··· DATA SUPPLIED ···

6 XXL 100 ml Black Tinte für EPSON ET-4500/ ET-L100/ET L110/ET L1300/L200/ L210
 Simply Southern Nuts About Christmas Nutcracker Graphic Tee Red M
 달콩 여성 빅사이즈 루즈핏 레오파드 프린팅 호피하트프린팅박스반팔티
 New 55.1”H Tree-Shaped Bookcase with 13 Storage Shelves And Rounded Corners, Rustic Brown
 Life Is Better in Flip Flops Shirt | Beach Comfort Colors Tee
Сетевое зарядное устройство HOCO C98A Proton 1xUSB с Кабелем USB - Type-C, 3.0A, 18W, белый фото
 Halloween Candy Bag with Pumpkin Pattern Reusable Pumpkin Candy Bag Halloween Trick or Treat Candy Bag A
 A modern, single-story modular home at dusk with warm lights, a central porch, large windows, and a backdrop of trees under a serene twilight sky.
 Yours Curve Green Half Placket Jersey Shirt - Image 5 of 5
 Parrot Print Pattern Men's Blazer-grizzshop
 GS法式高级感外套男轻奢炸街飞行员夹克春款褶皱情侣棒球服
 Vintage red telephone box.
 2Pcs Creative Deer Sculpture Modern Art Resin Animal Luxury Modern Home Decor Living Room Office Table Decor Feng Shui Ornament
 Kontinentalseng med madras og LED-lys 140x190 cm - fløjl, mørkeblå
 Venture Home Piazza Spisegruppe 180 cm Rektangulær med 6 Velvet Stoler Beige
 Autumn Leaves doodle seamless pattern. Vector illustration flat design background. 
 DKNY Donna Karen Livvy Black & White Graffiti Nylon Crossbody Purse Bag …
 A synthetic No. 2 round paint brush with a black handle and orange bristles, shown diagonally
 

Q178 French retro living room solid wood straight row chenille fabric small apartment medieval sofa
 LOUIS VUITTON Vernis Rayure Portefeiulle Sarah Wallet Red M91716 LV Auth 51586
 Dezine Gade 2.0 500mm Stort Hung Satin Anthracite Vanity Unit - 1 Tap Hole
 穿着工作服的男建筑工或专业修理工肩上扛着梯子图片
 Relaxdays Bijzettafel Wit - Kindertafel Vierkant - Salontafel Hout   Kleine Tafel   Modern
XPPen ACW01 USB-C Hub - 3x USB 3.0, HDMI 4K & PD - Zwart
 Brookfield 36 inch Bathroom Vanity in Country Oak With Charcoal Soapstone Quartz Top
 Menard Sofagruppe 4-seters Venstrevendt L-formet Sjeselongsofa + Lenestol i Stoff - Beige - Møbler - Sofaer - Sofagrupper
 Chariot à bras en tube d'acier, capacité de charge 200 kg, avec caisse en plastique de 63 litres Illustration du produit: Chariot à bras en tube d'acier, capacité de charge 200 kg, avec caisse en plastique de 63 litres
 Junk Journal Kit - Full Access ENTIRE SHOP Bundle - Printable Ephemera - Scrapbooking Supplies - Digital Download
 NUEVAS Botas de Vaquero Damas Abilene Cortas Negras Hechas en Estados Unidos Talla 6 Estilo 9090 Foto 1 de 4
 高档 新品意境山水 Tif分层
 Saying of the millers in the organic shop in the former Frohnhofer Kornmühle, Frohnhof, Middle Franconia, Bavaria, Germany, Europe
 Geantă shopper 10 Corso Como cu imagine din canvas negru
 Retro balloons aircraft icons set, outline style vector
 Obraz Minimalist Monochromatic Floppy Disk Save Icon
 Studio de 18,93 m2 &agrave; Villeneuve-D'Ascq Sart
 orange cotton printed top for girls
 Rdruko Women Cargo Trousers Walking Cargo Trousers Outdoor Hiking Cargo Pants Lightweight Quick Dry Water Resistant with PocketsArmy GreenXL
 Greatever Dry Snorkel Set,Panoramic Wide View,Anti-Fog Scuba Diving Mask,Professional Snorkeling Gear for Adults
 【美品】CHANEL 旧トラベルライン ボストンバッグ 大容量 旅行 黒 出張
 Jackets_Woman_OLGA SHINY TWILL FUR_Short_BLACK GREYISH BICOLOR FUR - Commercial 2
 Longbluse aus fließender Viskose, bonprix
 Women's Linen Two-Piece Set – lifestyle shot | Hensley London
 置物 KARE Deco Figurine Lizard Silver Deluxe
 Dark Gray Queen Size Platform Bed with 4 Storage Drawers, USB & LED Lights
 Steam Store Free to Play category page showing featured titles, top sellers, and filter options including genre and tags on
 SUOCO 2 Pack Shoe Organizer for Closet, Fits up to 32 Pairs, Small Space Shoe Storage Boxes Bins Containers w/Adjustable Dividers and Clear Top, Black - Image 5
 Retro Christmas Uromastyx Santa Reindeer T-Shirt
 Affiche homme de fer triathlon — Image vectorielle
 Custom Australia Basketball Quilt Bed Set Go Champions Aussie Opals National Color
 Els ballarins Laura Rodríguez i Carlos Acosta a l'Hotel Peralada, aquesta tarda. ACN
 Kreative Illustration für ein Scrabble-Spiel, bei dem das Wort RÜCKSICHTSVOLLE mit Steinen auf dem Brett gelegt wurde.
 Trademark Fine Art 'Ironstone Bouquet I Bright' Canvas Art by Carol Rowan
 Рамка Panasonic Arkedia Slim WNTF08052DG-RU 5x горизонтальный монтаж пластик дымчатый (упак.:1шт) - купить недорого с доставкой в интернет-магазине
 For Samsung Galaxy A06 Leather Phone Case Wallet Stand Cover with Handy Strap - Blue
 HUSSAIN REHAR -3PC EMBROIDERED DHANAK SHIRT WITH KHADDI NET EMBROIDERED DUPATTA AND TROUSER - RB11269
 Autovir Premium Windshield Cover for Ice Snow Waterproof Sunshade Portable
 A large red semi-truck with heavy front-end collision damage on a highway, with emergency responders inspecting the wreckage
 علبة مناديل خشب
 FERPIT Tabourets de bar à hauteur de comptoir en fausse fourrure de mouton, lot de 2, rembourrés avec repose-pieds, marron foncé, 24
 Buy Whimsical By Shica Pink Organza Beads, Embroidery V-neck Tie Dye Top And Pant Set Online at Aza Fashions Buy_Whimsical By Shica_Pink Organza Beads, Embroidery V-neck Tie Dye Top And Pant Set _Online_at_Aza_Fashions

···

__REQUIRED ACTION__. Please reproduce the lines from the line with "NUEVAS Botas de" to the line with "Saying of the", both ends included, exactly as they appear above.

__RESPONSE AREA__.
 NUEVAS Botas de Vaquero Damas Abilene Cortas Negras Hechas en Estados Unidos Talla 6 Estilo 9090 Foto 1 de 4
 高档 新品意境山水 Tif分层
 Saying of the millers in the organic shop in the former Frohnhofer Kornmühle, Frohnhof, Middle Franconia, Bavaria, Germany, Europe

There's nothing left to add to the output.